▶ [Work instructions]: Only the pictures are to be left out; please reproduce everything else in the data exactly.

▶ [Data]:
========================================================================

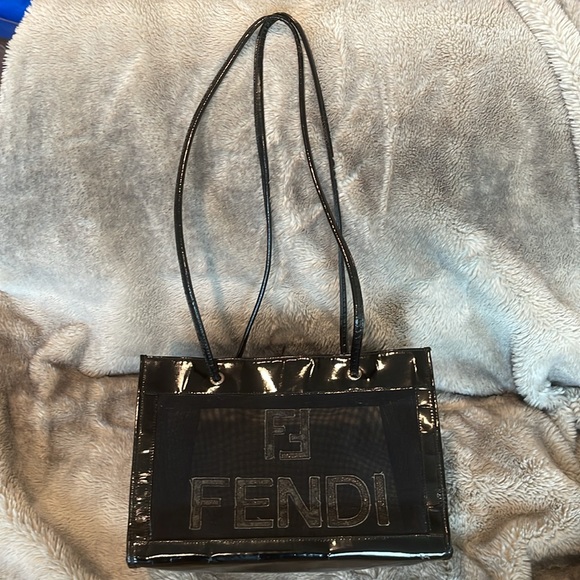 ❤️SOLD❤️ Authentic Vintage Fendi FF Zucca Black Mesh Shopper Tote Shoulder Bag - Picture 12 of 16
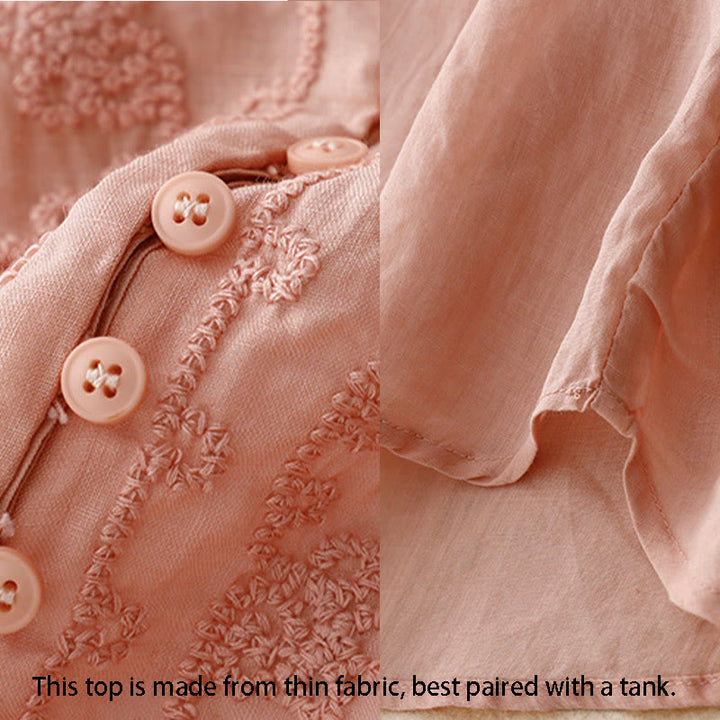 Camisa de algodón para mujer con cuello redondo, manga corta y botones bordados con líneas de Buddha Stones - image 14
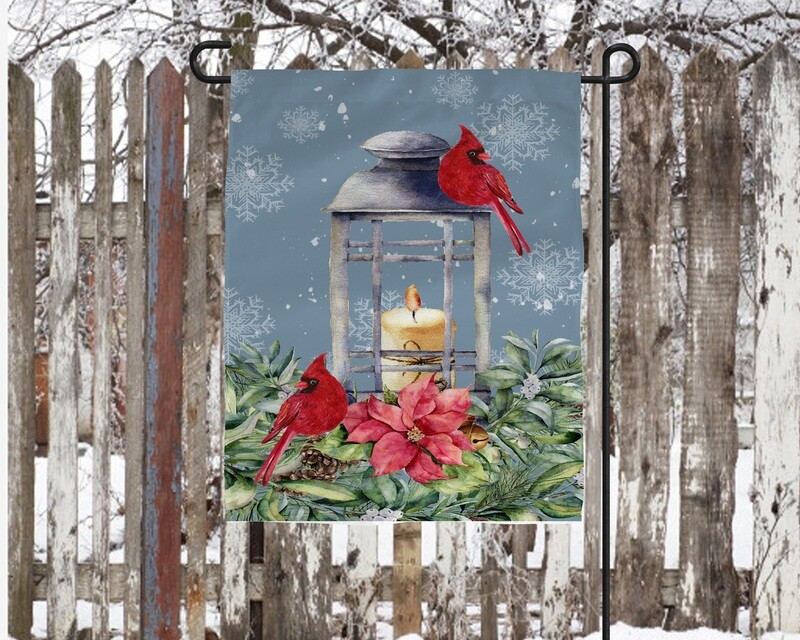 Cardinal with Candle Garden Flag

========================================================================

▶ [Expected answer]:
 ❤️SOLD❤️ Authentic Vintage Fendi FF Zucca Black Mesh Shopper Tote Shoulder Bag - Picture 12 of 16
 Camisa de algodón para mujer con cuello redondo, manga corta y botones bordados con líneas de Buddha Stones - image 14
 Cardinal with Candle Garden Flag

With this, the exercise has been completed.